The BC Angels landed in Abbotsford on Thursday as a preview to the kick off of the inaugural year of the Canadian Lingerie Football League on Saturday.
The home team, garbed in green and blue, will be hosting the Regina Rage for the first game of the season at the Abbotsford Entertainment and Sports Centre at 8 p.m.
The controversial league has critics' panties in a knot as the LFL's attractive female athletes play seven-on-seven tackle football garbed in little but bras, short shorts and garter belts.
Mitch Mortaza, LFL chair and founder, spoke to the media at the Abbotsford Entertainment and Sports Centre on Thursday saying he has high hopes for the LFL in Canada and believes it will even surpass the success its enjoyed in the States.
The league has cited lingerie football as the fastest growing women's sport in the U.S. and boasts of sell-out crowds at major arenas and stadiums in the States.
The BC Angels, comprised of 20 players, introduced themselves to the media and ran a few plays for the photographers and television crews before starting practice.
It's still not clear whether the controversy will boost or hinder the LFL's success in B.C.
Jason Blumenfeld, AESC general manager, wouldn't comment on how ticket sales were going last week.
The LFL is a bit of an unknown and what the final numbers and demographics will be are bit of a mystery, he said.
It's also hard to say how much local support the league might get.
"We don't have expectations," said Blumenfeld.
"No one has ever seen it before. People might come out at first because they are intrigued."
Most AESC events that don't appear at other venues in Vancouver tend to draw patrons from right across the Lower Mainland.
The players, who mostly hail from outside of Abbotsford, will likely also draw support from their own communities, said Blumenfeld.
The league's history in the U.S. markets suggest that the biggest fan base will be men ranging in age from 18 to 35, he said,
"But I wouldn't be surprised to see women come out and watch."
Despite the firestorm associated with the LFL, it is simply another event at the AESC, he added.
"We respect everyone's opinion but these events are targeted at wide range of audiences," said Blumenfeld.
The AESC host a wide range of acts including Sesame Street shows, Cirque du Soleil, Christian concerts or heavy metal bands, he noted.
"It won't be any different in the community that day. And those that don't support [the LFL] don't have to buy tickets."
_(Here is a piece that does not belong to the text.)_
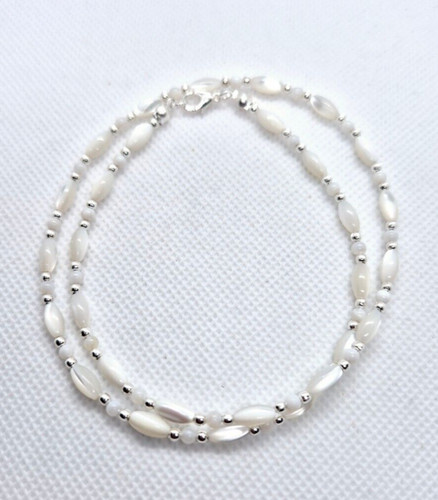 White oval shell - oval, beaded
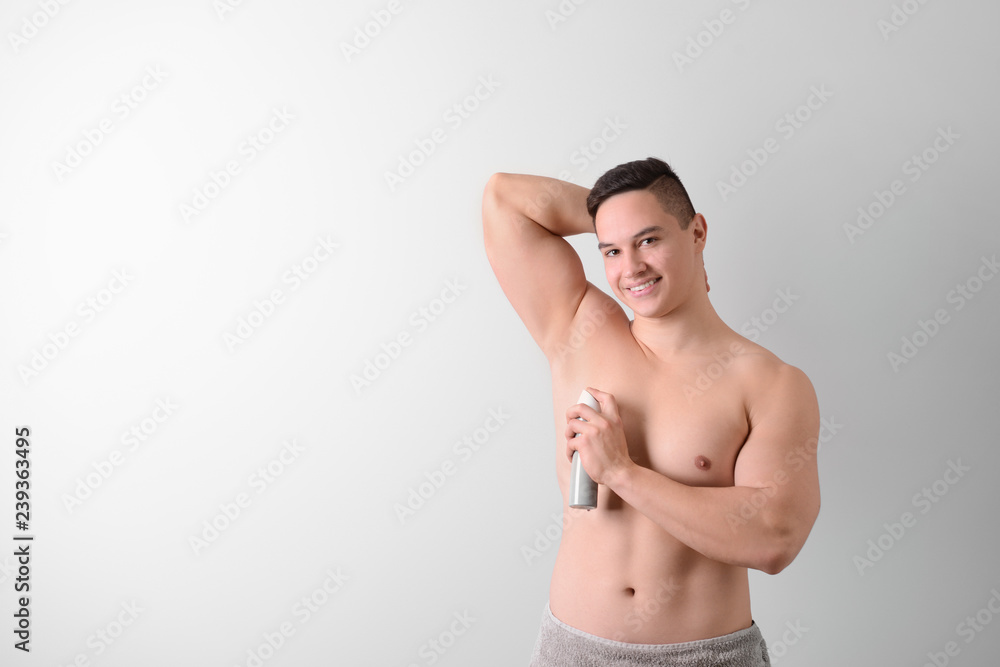 Fototapeta premium Young man with deodorant on light background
CHEK Television will broadcast the eight LFL's Saturday night games as well as the championship, the Lingerie Bowl I.
Besides the BC Angels, the LFL features three other teams: the Sasakatoon Sirens, Regina Rage and Toronto Triumph.
Only two of the regular season games will be played in Abbotsford, with the second game taking place at the AESC Sept. 29 when the Angels taking on the Toronto Triumph.
A free tailgate village featuring a barbecue, football challenges, video gaming lounge, a beer garden, live music and DJs is taking place at 5 p.m. on Saturday prior to the game at the AESC, 33800 King Rd.